To take an example, consider the fate of a direct link to Google when it appears in a message addressed to an Office 365 user with Defender policies enabled. There are different ways the link can appear, such as plaintext, as hyperlink from text section or image. and image with hyperlink. Here is the message according to the sender:


Here is the same message from the vantage point of the Office 365 recipient:

Visually these look identical. But on closer inspection the links have been altered. This is easiest to observe from the MSFT webmail client. True URLs are displayed in the browser status bar at the bottom of the window when hovering over links:


The alterations are more blatant when links are sent as plaintext email:


In this case Safe Links alters the visual appearance of the message, because the URL appears as plain- text instead of being encoded in the HTML mark-up which is not directly rendered.

Structure of altered links

Modifications follow the same pattern:

  • Hostname points to “outlook.com” a domain controlled by MSFT.
  • Original URL is included verbatim as one of the query-string parameters
  • Email address of the recipient also makes an appearance, in the next parameter
  • What is not obvious from the syntactic structure of the link but can be verified experimentally: this link does not require authentication. It is not personalized. Anyone— not just the original recipient— can request that URL from MSFT and will be served a redirect to Google. In other words these links function as semi-open redirectors.
  • There is an integrity check in the link. Tampering with any of the query-string parameters or removing them results in an error from the server. (“sdata” field could indicate a Signature over the Data field. It is exactly 32 bytes of base64-encoded content, consistent with an HMAC-SHA256 or similar MAC intended for verification only by MSFT.) This is what happens if the target URL is modified from Google to Bing:
Safe Link integrity checks: even MSFT’s own redirector refuses to send customers to Bing 🤷‍♂️

Bad interactions: end-to-end encryption

Given this background, now we can discuss a trivial bypass. S/MIME is a standard for end-to-end encryption and authentication of email traffic. It is ancient in Internet years, dating back to the 1990s. Emerging around the same time as PGP, it is arguably the “enterprisey” buttoned-down response to PGP, compliant with other fashionably enterprise-centric standards of its era. While PGP defined its own format for everything from public-keys to message structure, S/MIME built on X509 for digital certificates and CMS/PKCS7 for ciphertext/signature formatting. (Incidentally both are based on the binary encoding format ASN1.) As with PGP, it has not taken off broadly except in the context of certain high-security enterprise and government/defense settings.
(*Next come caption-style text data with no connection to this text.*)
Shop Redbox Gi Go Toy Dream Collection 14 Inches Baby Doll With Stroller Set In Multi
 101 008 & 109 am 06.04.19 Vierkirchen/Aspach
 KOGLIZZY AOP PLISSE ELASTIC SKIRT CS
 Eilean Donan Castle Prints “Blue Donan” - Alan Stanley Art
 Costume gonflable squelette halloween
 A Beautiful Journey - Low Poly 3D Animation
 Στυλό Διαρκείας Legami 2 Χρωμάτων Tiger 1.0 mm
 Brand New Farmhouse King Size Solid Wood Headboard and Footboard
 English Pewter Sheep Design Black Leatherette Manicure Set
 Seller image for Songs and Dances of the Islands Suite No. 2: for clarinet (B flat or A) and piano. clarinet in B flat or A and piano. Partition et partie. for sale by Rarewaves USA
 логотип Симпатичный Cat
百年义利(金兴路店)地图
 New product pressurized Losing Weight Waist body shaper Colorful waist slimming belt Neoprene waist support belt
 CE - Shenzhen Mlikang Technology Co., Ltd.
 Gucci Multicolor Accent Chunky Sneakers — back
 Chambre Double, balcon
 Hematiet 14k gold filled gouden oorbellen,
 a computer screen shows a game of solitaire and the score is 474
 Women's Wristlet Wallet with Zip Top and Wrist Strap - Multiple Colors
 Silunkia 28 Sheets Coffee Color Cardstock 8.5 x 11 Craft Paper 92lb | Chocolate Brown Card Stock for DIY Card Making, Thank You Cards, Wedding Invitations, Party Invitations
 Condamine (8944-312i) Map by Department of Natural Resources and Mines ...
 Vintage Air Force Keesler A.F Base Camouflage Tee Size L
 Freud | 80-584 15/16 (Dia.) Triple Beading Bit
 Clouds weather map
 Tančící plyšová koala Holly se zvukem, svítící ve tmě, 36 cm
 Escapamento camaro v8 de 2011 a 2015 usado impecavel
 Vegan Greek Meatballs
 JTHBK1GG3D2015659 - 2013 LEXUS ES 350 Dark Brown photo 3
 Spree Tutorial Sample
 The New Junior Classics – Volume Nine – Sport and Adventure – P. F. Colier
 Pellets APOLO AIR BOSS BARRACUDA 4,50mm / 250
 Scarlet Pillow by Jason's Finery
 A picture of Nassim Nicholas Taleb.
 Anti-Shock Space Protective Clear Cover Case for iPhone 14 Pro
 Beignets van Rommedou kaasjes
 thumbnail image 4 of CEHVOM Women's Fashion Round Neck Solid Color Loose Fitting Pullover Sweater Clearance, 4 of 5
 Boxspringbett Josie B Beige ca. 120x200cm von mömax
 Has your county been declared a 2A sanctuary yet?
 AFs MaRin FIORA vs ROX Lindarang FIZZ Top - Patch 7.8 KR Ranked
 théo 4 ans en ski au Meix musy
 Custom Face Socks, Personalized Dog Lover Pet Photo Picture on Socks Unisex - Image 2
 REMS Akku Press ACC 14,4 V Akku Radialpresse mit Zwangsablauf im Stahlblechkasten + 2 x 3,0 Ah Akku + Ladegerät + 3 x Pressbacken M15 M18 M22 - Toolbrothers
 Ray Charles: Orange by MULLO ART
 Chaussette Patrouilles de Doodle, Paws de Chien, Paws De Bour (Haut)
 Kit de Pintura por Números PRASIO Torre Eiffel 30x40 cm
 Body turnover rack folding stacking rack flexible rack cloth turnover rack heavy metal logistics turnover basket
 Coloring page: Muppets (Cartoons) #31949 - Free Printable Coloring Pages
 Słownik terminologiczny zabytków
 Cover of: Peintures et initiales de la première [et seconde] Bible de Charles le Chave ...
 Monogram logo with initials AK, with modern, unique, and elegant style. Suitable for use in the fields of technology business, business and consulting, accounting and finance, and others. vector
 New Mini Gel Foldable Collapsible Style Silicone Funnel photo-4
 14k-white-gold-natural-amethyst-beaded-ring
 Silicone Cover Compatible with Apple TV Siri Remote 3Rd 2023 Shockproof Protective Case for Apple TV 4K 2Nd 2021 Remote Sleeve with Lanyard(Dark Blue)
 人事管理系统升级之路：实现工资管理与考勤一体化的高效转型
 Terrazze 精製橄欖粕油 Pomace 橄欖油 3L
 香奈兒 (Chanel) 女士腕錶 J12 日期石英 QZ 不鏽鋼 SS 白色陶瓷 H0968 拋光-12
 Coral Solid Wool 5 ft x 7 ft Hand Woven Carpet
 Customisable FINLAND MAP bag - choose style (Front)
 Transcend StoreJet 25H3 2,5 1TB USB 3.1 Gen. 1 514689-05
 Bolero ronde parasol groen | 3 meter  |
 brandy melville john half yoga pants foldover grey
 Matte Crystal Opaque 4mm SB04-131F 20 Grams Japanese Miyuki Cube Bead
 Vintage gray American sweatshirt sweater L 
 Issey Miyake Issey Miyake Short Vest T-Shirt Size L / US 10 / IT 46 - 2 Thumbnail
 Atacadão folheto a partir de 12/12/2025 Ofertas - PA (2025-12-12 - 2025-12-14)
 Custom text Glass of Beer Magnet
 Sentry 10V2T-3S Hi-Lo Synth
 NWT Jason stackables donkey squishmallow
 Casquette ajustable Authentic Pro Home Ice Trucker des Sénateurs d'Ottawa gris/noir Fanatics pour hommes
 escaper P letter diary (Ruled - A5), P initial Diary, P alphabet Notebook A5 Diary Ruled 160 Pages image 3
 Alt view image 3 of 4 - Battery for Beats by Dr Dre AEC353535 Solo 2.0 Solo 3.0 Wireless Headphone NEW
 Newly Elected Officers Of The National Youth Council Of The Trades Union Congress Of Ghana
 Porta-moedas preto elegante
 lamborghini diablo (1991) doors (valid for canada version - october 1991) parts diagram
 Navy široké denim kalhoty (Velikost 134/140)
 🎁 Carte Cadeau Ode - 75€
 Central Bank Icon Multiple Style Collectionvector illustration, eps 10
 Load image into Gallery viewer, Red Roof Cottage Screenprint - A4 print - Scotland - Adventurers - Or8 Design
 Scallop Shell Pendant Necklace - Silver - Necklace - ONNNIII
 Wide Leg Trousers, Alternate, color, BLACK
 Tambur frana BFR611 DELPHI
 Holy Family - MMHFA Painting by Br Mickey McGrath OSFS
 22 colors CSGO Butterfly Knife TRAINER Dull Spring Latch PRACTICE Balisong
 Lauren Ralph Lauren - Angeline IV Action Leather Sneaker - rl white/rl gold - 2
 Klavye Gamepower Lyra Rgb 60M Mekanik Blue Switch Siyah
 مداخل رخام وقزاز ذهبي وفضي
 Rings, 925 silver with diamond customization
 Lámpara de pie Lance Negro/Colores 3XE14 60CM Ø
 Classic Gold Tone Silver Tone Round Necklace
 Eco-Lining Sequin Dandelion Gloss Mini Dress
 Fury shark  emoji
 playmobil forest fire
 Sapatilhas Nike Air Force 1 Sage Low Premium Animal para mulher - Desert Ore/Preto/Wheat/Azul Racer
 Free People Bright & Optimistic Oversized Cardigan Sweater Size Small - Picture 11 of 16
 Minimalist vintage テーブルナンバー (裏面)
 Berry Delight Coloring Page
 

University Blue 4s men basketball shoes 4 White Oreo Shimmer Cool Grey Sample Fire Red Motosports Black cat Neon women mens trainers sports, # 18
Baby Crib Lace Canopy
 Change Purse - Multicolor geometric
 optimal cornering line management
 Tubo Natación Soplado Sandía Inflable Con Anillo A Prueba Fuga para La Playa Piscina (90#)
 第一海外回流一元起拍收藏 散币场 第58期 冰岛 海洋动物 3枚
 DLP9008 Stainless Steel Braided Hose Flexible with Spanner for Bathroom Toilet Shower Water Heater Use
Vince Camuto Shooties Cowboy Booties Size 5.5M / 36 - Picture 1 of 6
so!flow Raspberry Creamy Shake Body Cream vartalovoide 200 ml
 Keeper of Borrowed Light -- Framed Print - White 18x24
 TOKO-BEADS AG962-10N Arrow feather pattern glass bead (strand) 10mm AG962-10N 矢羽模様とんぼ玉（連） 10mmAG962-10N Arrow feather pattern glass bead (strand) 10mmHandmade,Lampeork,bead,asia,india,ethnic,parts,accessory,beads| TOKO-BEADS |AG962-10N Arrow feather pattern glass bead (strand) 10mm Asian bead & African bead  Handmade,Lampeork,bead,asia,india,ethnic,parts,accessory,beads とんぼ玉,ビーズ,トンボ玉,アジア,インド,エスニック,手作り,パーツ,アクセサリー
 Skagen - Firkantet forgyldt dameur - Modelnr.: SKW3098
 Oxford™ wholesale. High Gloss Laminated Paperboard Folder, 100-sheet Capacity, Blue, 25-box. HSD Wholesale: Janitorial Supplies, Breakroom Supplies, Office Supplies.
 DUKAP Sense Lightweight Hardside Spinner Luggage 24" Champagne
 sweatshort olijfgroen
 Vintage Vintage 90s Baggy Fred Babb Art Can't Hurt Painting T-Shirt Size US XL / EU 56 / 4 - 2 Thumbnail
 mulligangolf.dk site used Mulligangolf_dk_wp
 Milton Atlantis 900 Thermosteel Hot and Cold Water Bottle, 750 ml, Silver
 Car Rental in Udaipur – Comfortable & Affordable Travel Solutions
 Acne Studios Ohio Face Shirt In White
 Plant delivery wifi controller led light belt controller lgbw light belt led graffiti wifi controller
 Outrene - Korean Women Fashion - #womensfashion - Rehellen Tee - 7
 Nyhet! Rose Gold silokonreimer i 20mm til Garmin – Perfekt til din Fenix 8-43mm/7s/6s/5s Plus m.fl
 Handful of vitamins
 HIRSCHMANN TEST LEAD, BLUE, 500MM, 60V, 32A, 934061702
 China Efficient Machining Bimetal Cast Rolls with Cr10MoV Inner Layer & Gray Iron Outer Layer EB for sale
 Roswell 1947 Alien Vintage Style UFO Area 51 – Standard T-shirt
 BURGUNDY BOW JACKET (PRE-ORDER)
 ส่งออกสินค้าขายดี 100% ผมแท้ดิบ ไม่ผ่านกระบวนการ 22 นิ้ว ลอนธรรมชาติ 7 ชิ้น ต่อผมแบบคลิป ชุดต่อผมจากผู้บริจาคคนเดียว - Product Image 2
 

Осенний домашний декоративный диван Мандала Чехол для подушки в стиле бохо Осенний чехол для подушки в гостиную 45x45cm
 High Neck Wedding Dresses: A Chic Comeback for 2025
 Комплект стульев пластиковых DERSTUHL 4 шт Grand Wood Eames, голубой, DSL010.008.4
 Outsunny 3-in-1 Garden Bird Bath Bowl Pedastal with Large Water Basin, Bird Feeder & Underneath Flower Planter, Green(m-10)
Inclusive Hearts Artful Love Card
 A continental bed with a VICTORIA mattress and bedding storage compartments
At the nuts and bolts level, S/MIME uses public-key cryptography. Each participant has their own key-pair. Their public-key is embedded in a digital certificate issued by a trusted CA that can vouch for the owner of that public key. If Alice and Bob have each others’ certificates, she can encrypt emails that only Bob can read. She can also digitally sign those messages such that Bob can be confident they could only have originated with Alice.

How does all this interact with Safe Links? There is an obvious case involving encrypted messages: if an incoming message is encrypted such that Bob can only read it after decrypting with his private key— which no one else possesses— then the email service provider can not do any inspection, let alone rewriting, of hyperlinks present. That applies broadly to any link scanning implemented by a middle-man, not just MSFT Safe Links.  (Tangent: that restriction only holds for true end-to-end encryption. Cloud providers such as Google have muddied the waters with lobotomized/watered-down variants where private-keys are escrowed to the cloud provider in order to sign/decrypt on behalf of the end user. That is S/MIME in name only and more accurately “encraption.”)

In practice, this bypass is not very useful for a typical adversary running a garden-variety phishing campaign:

  • Most targets do not use S/MIME
  • For those who do— while few in number, these will be high-value targets with national security implications— the attacker likely does not have access to the victim certificate to properly encrypt the message. (Granted, this is security through obscurity. It will not deter a resourceful attacker.)
  • Finally even if they could compose encrypted emails, such messages are likely to raise suspicion. The presence of encryption can be used as a signal in machine learning models as contributing sign of malicious behavior, as in the case of encrypted zip files sent as attachments. Even the recipient may have heightened awareness of unusual behavior if opening the email requires taking unusual steps, such as entering the PIN for their smart-card to perform decryption.

Trivial bypass with signatures

But there is a more subtle interaction between Safe Links and S/MIME. Recall that digital signatures are extremely sensitive to any alteration of the message. Anything that modifies message content would invalidate signatures. It appears that the Safe Links design accounted for this and shows particular restraint: clear-text messages bearing an S/MIME signature are exempt from link-wrapping.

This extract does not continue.